La Revue étrangère de Saint-Petersbourg publie les bonnes feuilles de La Fleur des pois les 31 octobre, 30 novembre et 30 décembre 1835. 

– L'édition originale paraît dans le second volume in-8 de la troisième édition des Scènes de la vie privée, par M. de Balzac, chez Mme Charles-Béchet, tome II des Etudes de moeurs au XIXe siècle. Ce volume contient également La Paix du ménage, il est mis en vente le 13 novembre. Un extrait, intitulé Les deux notaires, paraît le 4 décembre 1835 dans Le Cabinet de lecture.

– Deuxième édition dans Les Scènes de la vie privée par M. de Balzac, 1ère série, 1er volume in-12 chez Charpentier, 1839.

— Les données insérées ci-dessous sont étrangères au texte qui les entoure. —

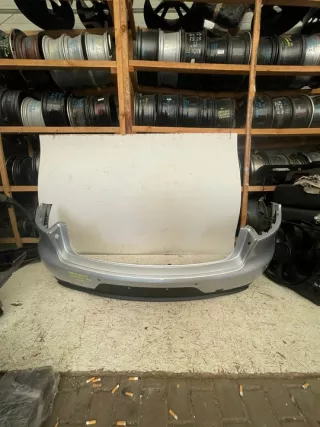 95B807421L Бампер задний Porsche 911 Carrera 991 Арт e12486242, вид 1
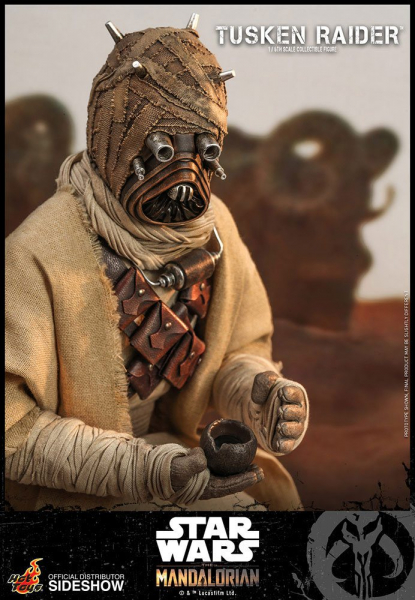 Tusken Raider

– Avec la troisième édition, Furne-Hetzel en 1842 dans La Comédie humaine, t. III, Scènes de la vie privée, livre III, apparaît la dédicace à G. Rossini. D'autre part « La Séparation » devient « Conclusion », les titres des deux dernières lettres varient légèrement et deviennent : « Lettre du comte Paul de Manerville à M. le marquis Henri de Marsay », « Réponse du marquis Henri de Marsay au comte Paul de Manerville ». Très peu de modifications dans le Furne corrigé.

 

III. PERSONNAGES

Reparaissant dans La Comédie humaine 

– Comtesse Natalie de MANERVILLE (née Évangélista) : « un petit crocodile habillée en femme » ; si elle ne touche pas l'héritage de son père, elle a hérité de la duplicité de sa mère. Tandis qu'elle ruine son mari, elle reçoit avec ironie le récit des amours de Félix de Vandenesse, son amant. (Le Lys dans la vallée). Mais la romanesque Natalie soit la fille d'une aristocrate un peu aventurière (se méfier des espagnoles ?), qu'elle se marie aux flambeaux, à minuit, et qu'elle connaisse aussi l'art d'intriguer, éclaire autrement la lettre-roman de Félix qui manifestement se trompe ou s'aveugle sur sa destinataire.  

– Comte Paul de MANERVILLE : un ancien du collège de Vendôme, époux de Natalie, « un homme élégant mais pas un homme à la mode », surnommé La Fleur des Pois, surnom difficile à porter, qui fournit le titre original du roman. Fils unique, il dilapide la fortune de sa famille. Il prend le pseudonyme de M. Camille lorsque, ruiné, il s'embarque pour les Indes qui semblent décidément l'Eldorado de plusieurs dans La Comédie humaine. Pour sa vie de jeune homme, voir La Fille aux yeux d'or et Illusions perdues.

– Marquis Henri de MARSAY : un des piliers de La Comédie humaine, fils naturel de Lord Dudley ; il joue ici plus que les utilités, il intervient efficacement. C'est l'année (1827) de ses débuts en politique. Et il appartient aussi, comme madame Évangélista, à l'illustre maison de Casa-Réal.

 

IV. LECTURES ET COMMENTAIRES

Le Contrat de mariage est l'un de ces textes courts, assez peu pratiqués où se croisent divers personnages de La Comédie humaine peu de temps après l'invention de leur retour. Des bancs d'essai, en quelque sorte, pour l'efficacité et le rendement du procédé. Par exemple, en révélant à Paul de Manerville la machination de sa belle mère et la liaison de sa femme avec Félix de Vandenesse, Henri de Marsay, un grand reparaissant, fournit au lecteur le lien qui permet de rattacher Le Contrat de mariage au Lys dans la vallée. Et d'autre part donner comme titre général au roman celui du seul second chapitre, c'est en déplacer le centre de gravité du personnage de Paul de Manerville vers les tractations financières qui sous-tendent les relations sociales et amoureuses. On notera enfin la manière d'associer, ici par juxtaposition, de l'épistolaire et du narratif, ce qui redouble les effets.